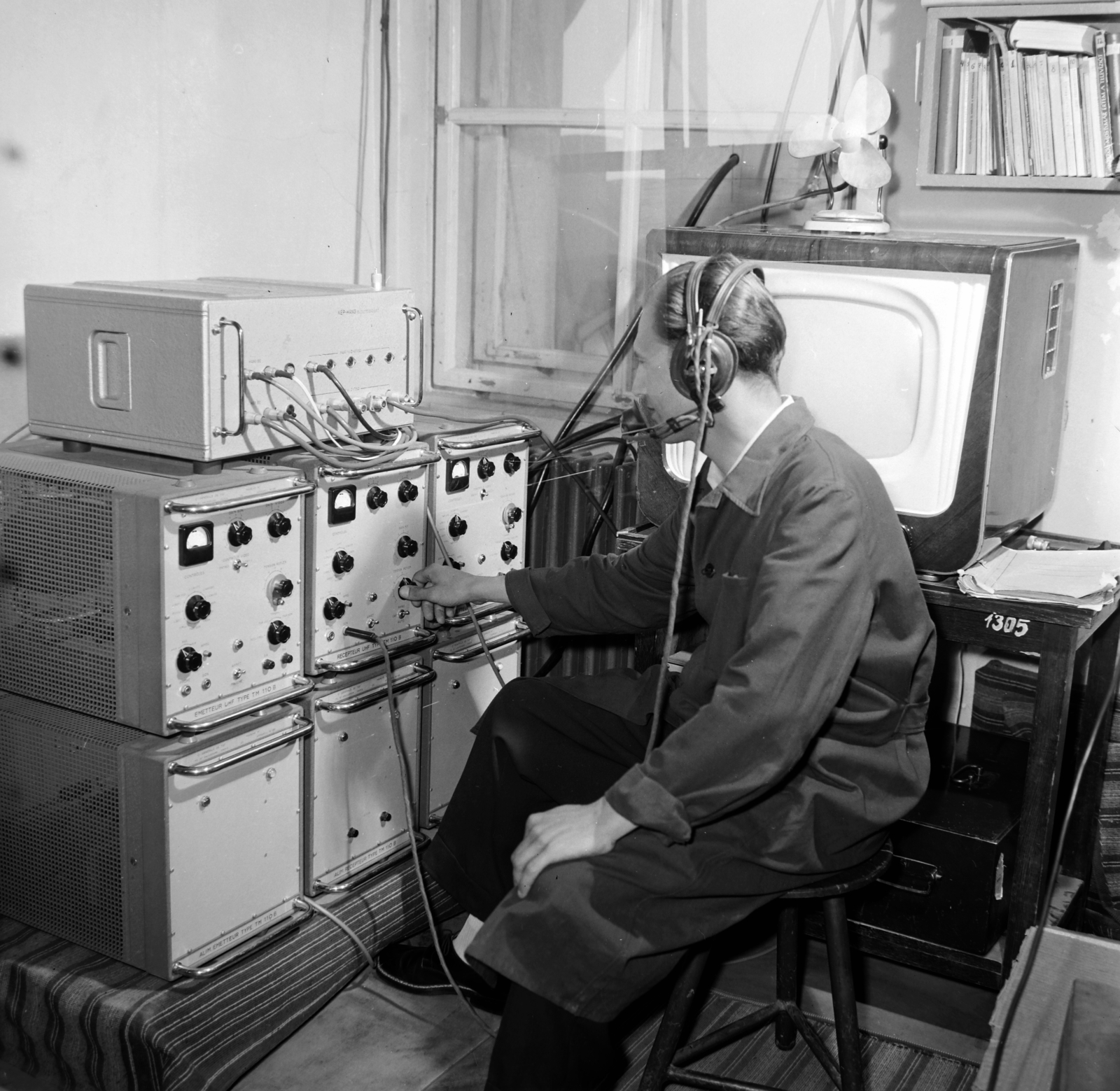 Hungary, Kékestető, a kékesi TV-relé állomás, a mikrohullámú lánc központja., 1960, Szalay Zoltán, headset, fan, instrument, cable, broadcasting, Fortepan #190543
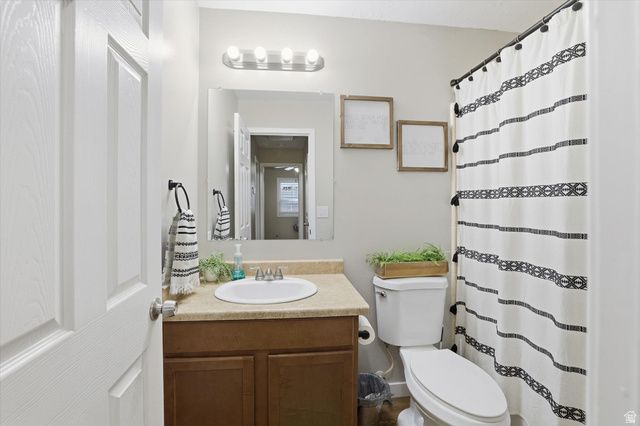 1154 W 2600 N, Clinton, UT 84015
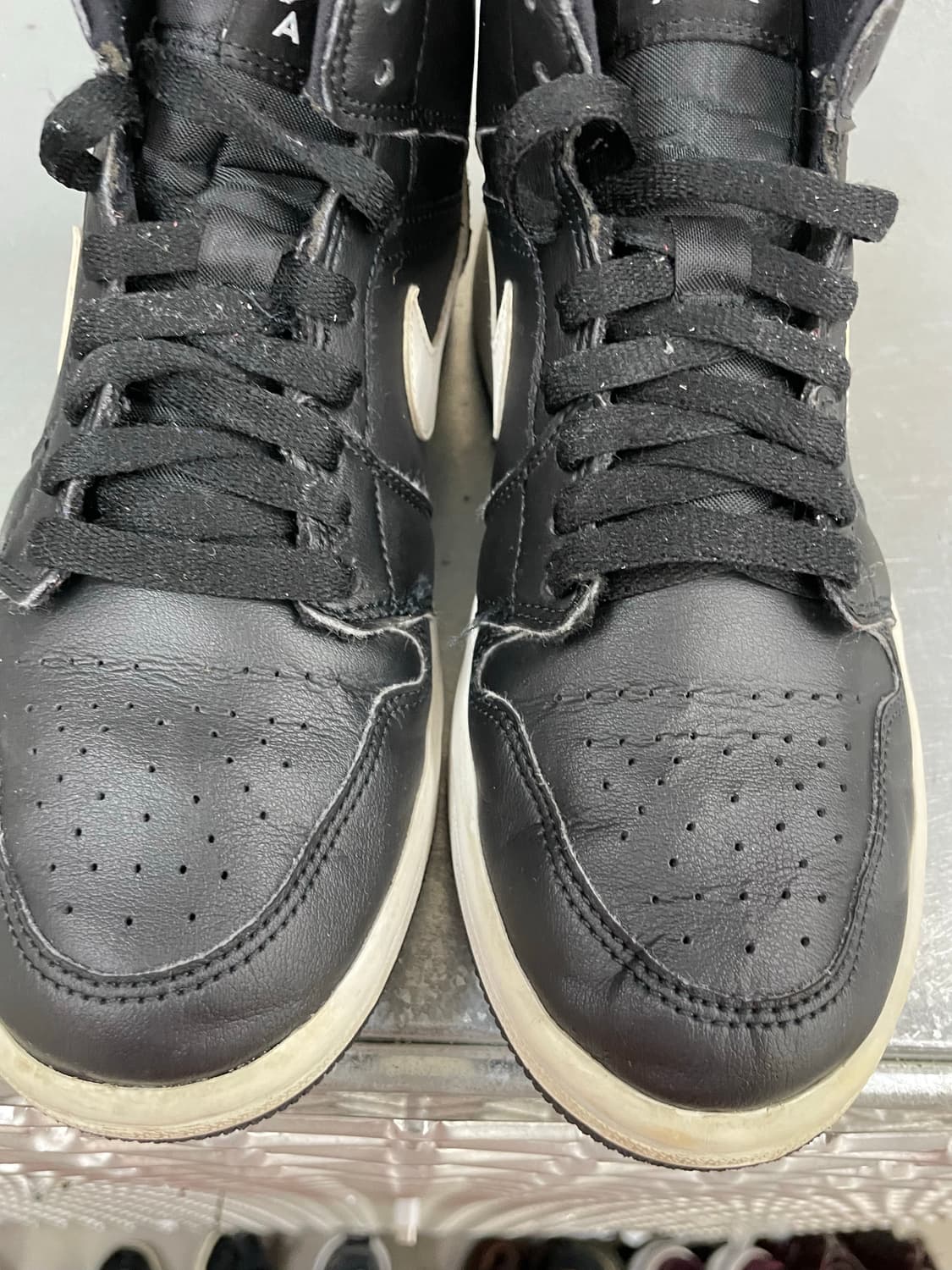 나이키 조던1 미드 블랙 화이트 245 상품이미지8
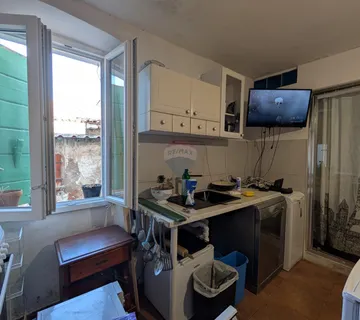 Istra, Rovinj - stari grad 33m2 za renovaciju - cover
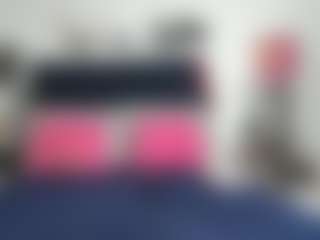 Live cam show with Emmily Giraldo - Grey on fapnchat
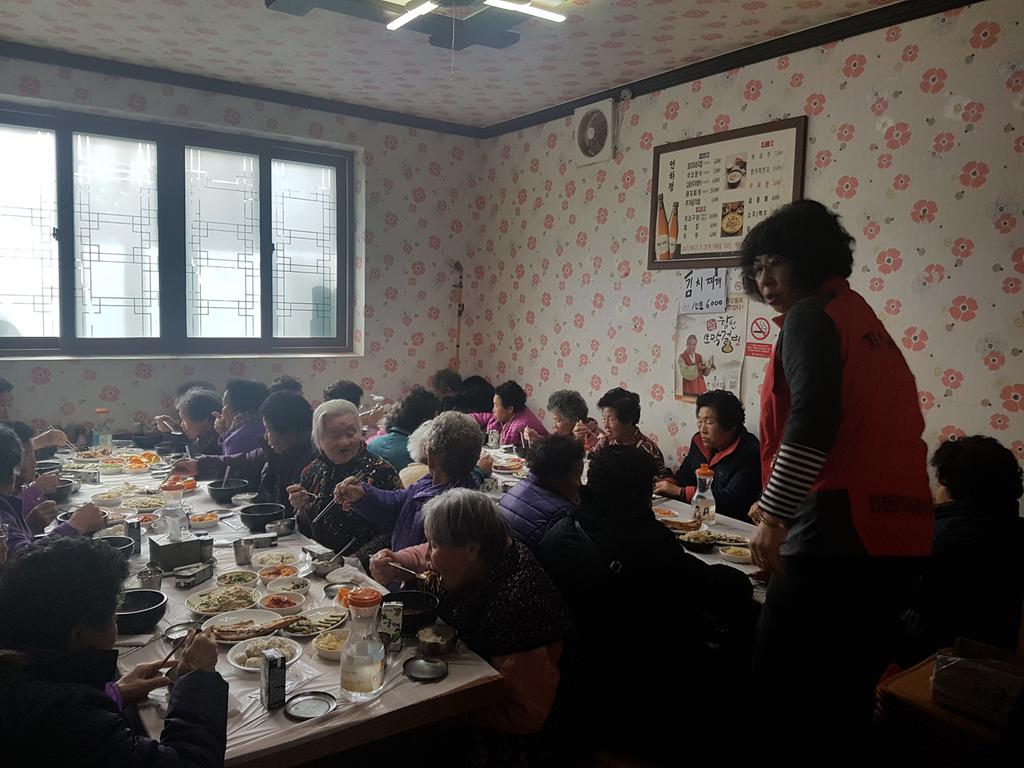 쌍책면 자원봉사회 설맞이 목욕봉사 실시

Aim of the task: Once the pictures are removed, set down what remains of the entries above exactly.

Answer below:
 Hungary, Kékestető, a kékesi TV-relé állomás, a mikrohullámú lánc központja., 1960, Szalay Zoltán, headset, fan, instrument, cable, broadcasting, Fortepan #190543
 1154 W 2600 N, Clinton, UT 84015
 나이키 조던1 미드 블랙 화이트 245 상품이미지8
 Istra, Rovinj - stari grad 33m2 za renovaciju - cover
 Live cam show with Emmily Giraldo - Grey on fapnchat
 쌍책면 자원봉사회 설맞이 목욕봉사 실시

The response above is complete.